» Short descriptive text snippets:
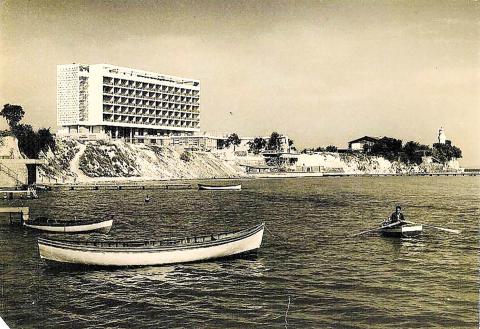 1950'lerin sonunda yapılan Yeşilköy Çınar Otel 1950'lerin sonunda yapılan Yeşilköy Çınar Otel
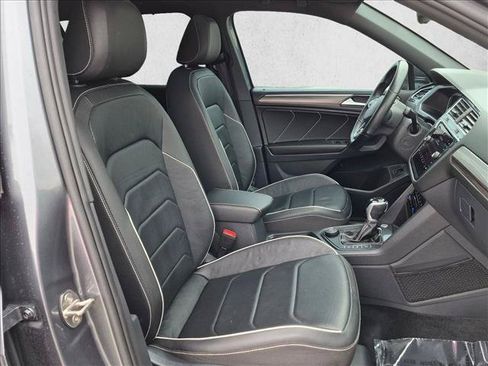 Used 2023 Volkswagen Tiguan SEL R-Line AWD/4WD image 20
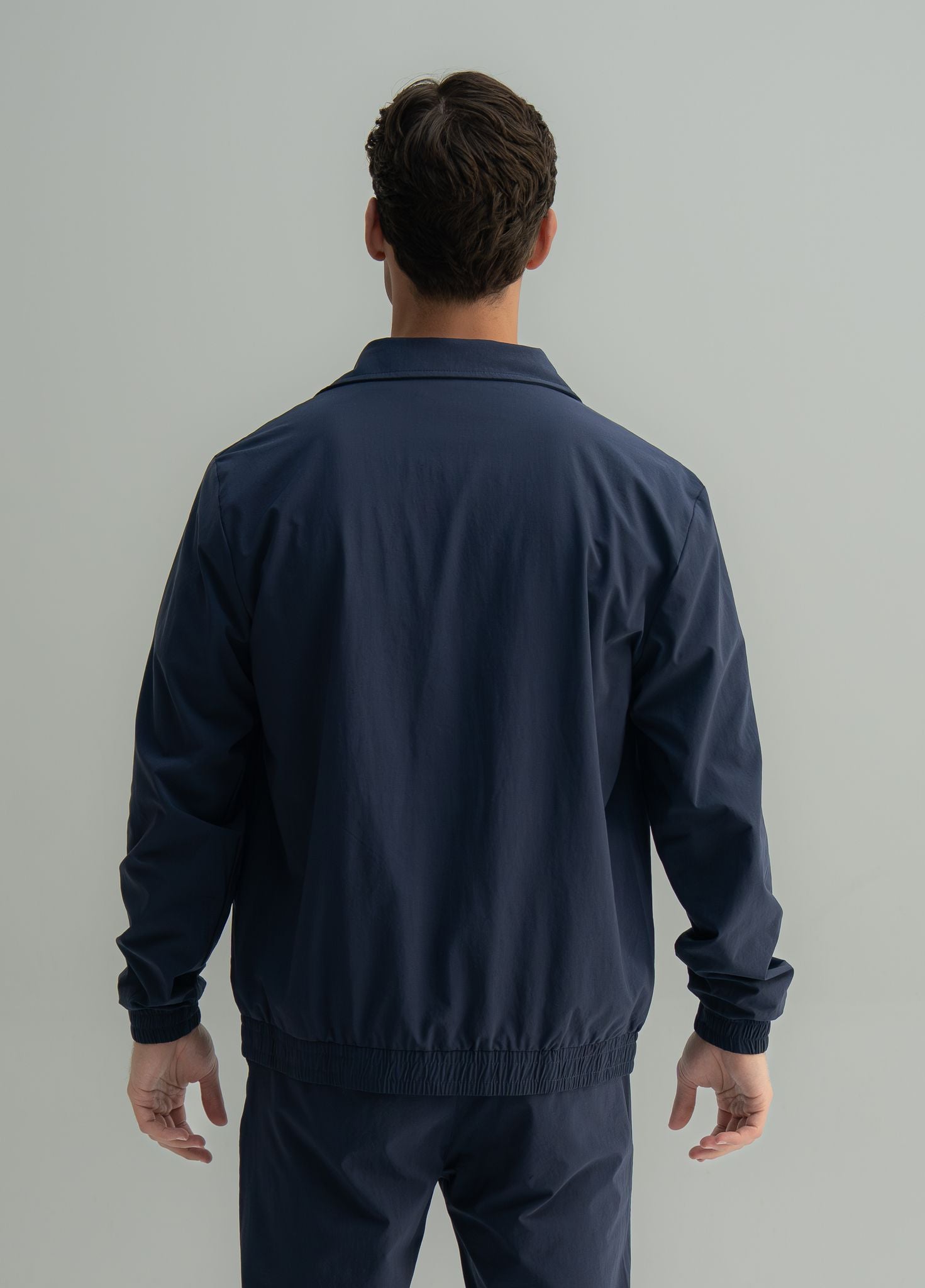 Arso Amsterdam Zip casual set
Slim fit
Zip closure
Structured collar
Premium stretch fabric
Breathable and lightweight
Smooth matte finish
Reinforced seams
Shape-retaining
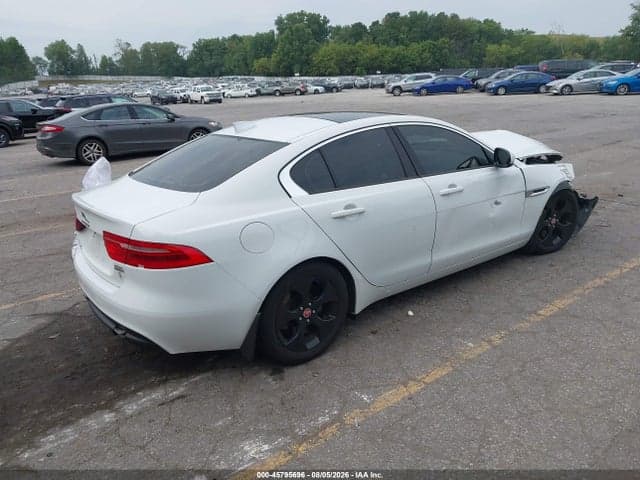 2018 JAGUAR XE 25T PREMIUM 4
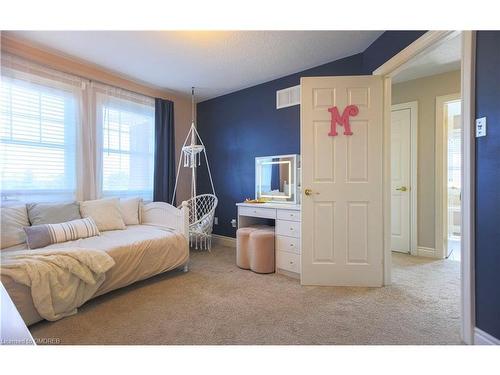 422 Duncan Lane, Milton, ON - Indoor Photo Showing Bedroom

» Task to complete:
Please extract exactly the lines of the data, from the first through the line containing "2018 JAGUAR XE 25T PREMIUM 4", and add no pictures to the copy.

» Task solution:
 1950'lerin sonunda yapılan Yeşilköy Çınar Otel 1950'lerin sonunda yapılan Yeşilköy Çınar Otel
 Used 2023 Volkswagen Tiguan SEL R-Line AWD/4WD image 20
 Arso Amsterdam Zip casual set
Slim fit
Zip closure
Structured collar
Premium stretch fabric
Breathable and lightweight
Smooth matte finish
Reinforced seams
Shape-retaining
 2018 JAGUAR XE 25T PREMIUM 4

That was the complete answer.